First, let's load the MNIST test data to feed to the model:

In [0]:
import numpy as np
_, mnist_test = tf.keras.datasets.mnist.load_data()
images, labels = tf.cast(mnist_test[0], tf.float32)/255.0, mnist_test[1]

mnist_ds = tf.data.Dataset.from_tensor_slices((images, labels)).batch(1)

### Load the model into the interpreters

In [0]:
interpreter = tf.lite.Interpreter(model_path=str(tflite_model_file))
interpreter.allocate_tensors()

In [0]:
interpreter_quant = tf.lite.Interpreter(model_path=str(tflite_model_quant_file))
interpreter_quant.allocate_tensors()

### Test the models on one image

In [0]:
for img, label in mnist_ds:
  break

interpreter.set_tensor(interpreter.get_input_details()[0]["index"], img)
interpreter.invoke()
predictions = interpreter.get_tensor(
    interpreter.get_output_details()[0]["index"])

In [0]:
import matplotlib.pylab as plt

plt.imshow(img[0])
template = "True:{true}, predicted:{predict}"
_ = plt.title(template.format(true= str(label[0].numpy()),
                              predict=str(predictions[0])))
plt.grid(False)

In [0]:
interpreter_quant.set_tensor(
    interpreter_quant.get_input_details()[0]["index"], img)
interpreter_quant.invoke()
predictions = interpreter_quant.get_tensor(
    interpreter_quant.get_output_details()[0]["index"])

In [0]:
plt.imshow(img[0])
template = "True:{true}, predicted:{predict}"
_ = plt.title(template.format(true= str(label[0].numpy()),
                              predict=str(predictions[0])))
plt.grid(False)

### Evaluate the models

In [0]:
def eval_model(interpreter, mnist_ds):
  total_seen = 0
  num_correct = 0

  input_index = interpreter.get_input_details()[0]["index"]
  output_index = interpreter.get_output_details()[0]["index"]

  for img, label in mnist_ds:
    total_seen += 1
    interpreter.set_tensor(input_index, img)
    interpreter.invoke()
    predictions = interpreter.get_tensor(output_index)
    if predictions == label.numpy():
      num_correct += 1

    if total_seen % 500 == 0:
      print("Accuracy after %i images: %f" %
            (total_seen, float(num_correct) / float(total_seen)))

  return float(num_correct) / float(total_seen)

In [0]:
# Create smaller dataset for demonstration purposes
mnist_ds_demo = mnist_ds.take(2000)

print(eval_model(interpreter, mnist_ds_demo))

Repeat the evaluation on the fully quantized model to obtain:

In [0]:
# NOTE: Colab runs on server CPUs.
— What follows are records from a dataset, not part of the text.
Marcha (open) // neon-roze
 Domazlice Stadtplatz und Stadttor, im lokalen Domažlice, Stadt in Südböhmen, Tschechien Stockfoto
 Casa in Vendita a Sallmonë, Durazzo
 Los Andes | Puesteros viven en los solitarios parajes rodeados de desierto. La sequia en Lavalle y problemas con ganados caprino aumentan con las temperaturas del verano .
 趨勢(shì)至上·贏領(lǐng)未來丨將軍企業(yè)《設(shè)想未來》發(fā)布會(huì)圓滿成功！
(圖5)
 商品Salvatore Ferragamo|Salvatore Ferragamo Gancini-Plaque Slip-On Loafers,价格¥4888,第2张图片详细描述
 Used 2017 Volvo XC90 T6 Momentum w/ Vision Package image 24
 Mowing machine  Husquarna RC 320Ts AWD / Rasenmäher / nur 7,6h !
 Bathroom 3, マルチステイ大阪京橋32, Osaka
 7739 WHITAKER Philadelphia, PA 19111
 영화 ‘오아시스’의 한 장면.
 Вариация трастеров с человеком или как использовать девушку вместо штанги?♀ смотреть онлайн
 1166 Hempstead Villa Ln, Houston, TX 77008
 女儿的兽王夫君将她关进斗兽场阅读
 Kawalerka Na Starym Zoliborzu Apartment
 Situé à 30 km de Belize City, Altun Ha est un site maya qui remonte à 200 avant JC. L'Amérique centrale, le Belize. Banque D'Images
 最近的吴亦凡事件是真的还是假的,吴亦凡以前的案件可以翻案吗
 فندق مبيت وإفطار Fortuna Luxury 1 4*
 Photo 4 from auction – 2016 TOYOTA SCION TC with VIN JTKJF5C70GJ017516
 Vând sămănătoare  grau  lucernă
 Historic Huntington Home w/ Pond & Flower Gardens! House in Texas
At the time of writing this, TensorFlow Lite
# doesn't have super optimized server CPU kernels. For this reason this may be
# slower than the above float interpreter. But for mobile CPUs, considerable
# speedup can be observed.
# Only use 2000 for demonstration purposes
print(eval_model(interpreter_quant, mnist_ds_demo))

In this example, you have fully quantized a model with no difference in the accuracy.